The push towards virtualization in today’s modern office enables workforces to work remotely. It equips them with the tools to do more with fewer physical resources. Conference calling is one such telephony tool. It promotes collaboration and accommodates busy schedules. After all, getting a few people on the phone is less of a hassle than arranging an in-person meeting.
Today, most hosted PBX systems boast free conferencing facilities. With cheap local and toll-free numbers, said systems cater to dispersed workforces. This includes international ones. In fact, for internal usage—people under the central phone system—conferencing is typically free. Nevertheless, impromptu conference calls are not a good use of time. They need extensive planning to benefit all parties involved.
Conferencing Challenges and How to Thwart Them
The virtual meeting promises an array of benefits, but it is also inherently problematic. Without physical oversight, distractions are inevitable. Blame smartphones, web browsers and email. Conference calls lack the visual cues associated with traditional board meetings. As a result, participants' attention may stray after a while. Tackle this issue with strong preparation, leadership and support.
Prepare for Success
As the conference leader, you are responsible for more things than just hosting the call. You must adopt the persona of an active presenter as opposed to a passive one. Your roles extend beyond inviting, greeting and listening. They include intervening and guiding—two tasks that require extensive preparation to do well.
When inviting members to a conference call, simply scheduling a time and date is not sufficient. You need to communicate your expectations. To do so, draft supporting materials like an agenda or handout. Moreover, design visuals and distribute them as links or attachments. Doing so a few days before the meeting will help guests familiarize themselves with the format and subject matter of the conference call.

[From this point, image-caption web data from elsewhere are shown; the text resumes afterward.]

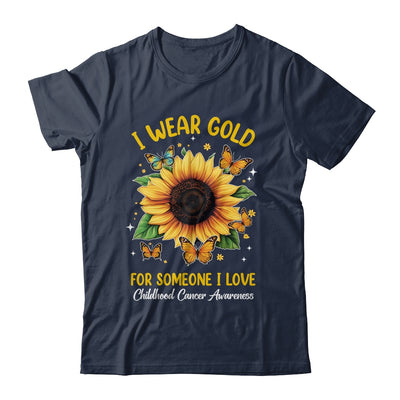 I Wear Gold Childhood Cancer Awareness Sunflower Women Kids Shirt & Hoodie | teecentury
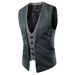 Men's Casual Checkered Patchwork Vest Single Breasted Slim Fit Layering Piece For Spring Autumn_voghion.com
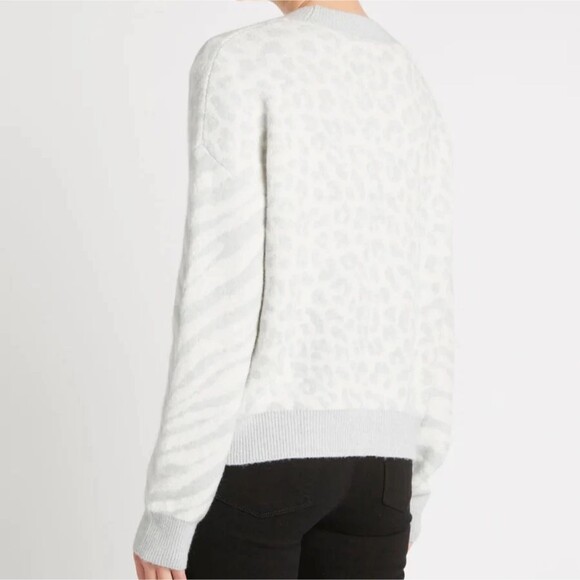 Rails Lana Leopard & Zebra Wool & Cashmere Blend Sweater Grey Pullover Luxury XS - Picture 2 of 16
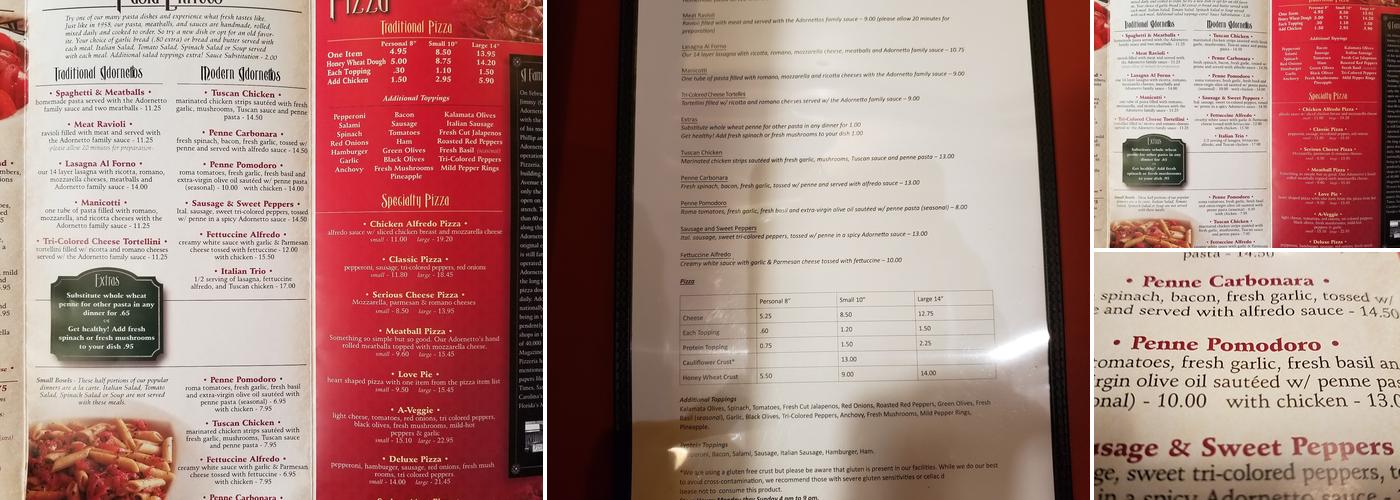 Adornetto's Pizzeria Menu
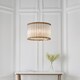 image 2 of Romola Pendant Ceiling Light Matt Gold Finish, Clear Ribbed Glass, 6x E14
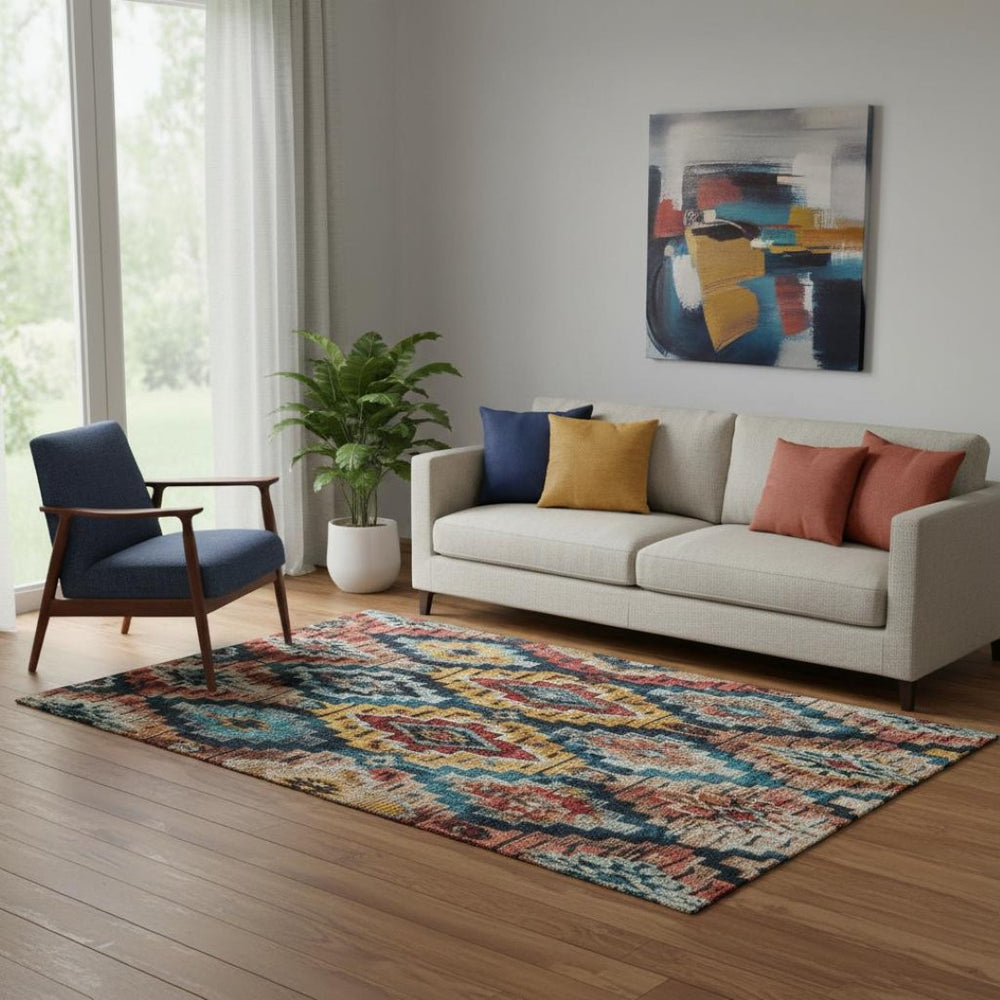 HomeRoots 8' Washable Ikat Round Rug in Rust, Blue & Coral - Stain-Resistant, UV-Protected & Durable Design 707116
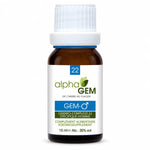 Flacon compte-gouttes ambré de 15 ml d'Alphagem Gem-Homme 22 Bio, complément alimentaire gemmothérapie spécifique homme, fond blanc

In regards to assembling the guest list, walk through the following steps:
- Identify conference call participants and prioritize their attendance;
- Contact the most important individuals to iron out scheduling conflicts;
- Invite all other participants via email or telephone once a date has been set;
- Provide each member with the number extension and pin once they've RSVPed. Most facilities are password protected as to grant the leader control over who enters and leaves the room.
When contacting guests, be specific about the nature of the call. Outline every minute as to allow them to assess its usefulness and relevance before committing. Worst case, you can then revise the plan for better efficiency. A typical minutes sheet breaks the conference into sections and lists the key points below each. A thoroughly agenda will even appoint topic experts. Adopt the formula below if unsure how to organize a meeting.
Conference Call Agenda
Introduction (8:45am to 8:50am) - Mark
- Welcome guests
- Launch slideshow
Topic One (8:50am to 9am) – Jonathan
- Point One
- Point Two
- Point Three
- Objective ...
Topic Two (9am to 9:10am) – Delaney
Break (9:10am to 9:15am)
Topic Three (9:15am to 9:25am) – Jessica
Conclusion (9:25am to 9:30am) – Mark
- Thank you
- Follow up instructions
As mentioned, slideshows via PowerPoint or Prezi presentations should go out last. Sending such files a few days beforehand serves as a reminder. Not to mention, it ensures the content is fresh in each callers' mind.
Do not feel obligated to make such visuals. A simple PDF could suffice with a diagram or two. After all, you want it to support not take over the call. As well, you want to keep the call as concise and straightforward as possible—no extraneous information.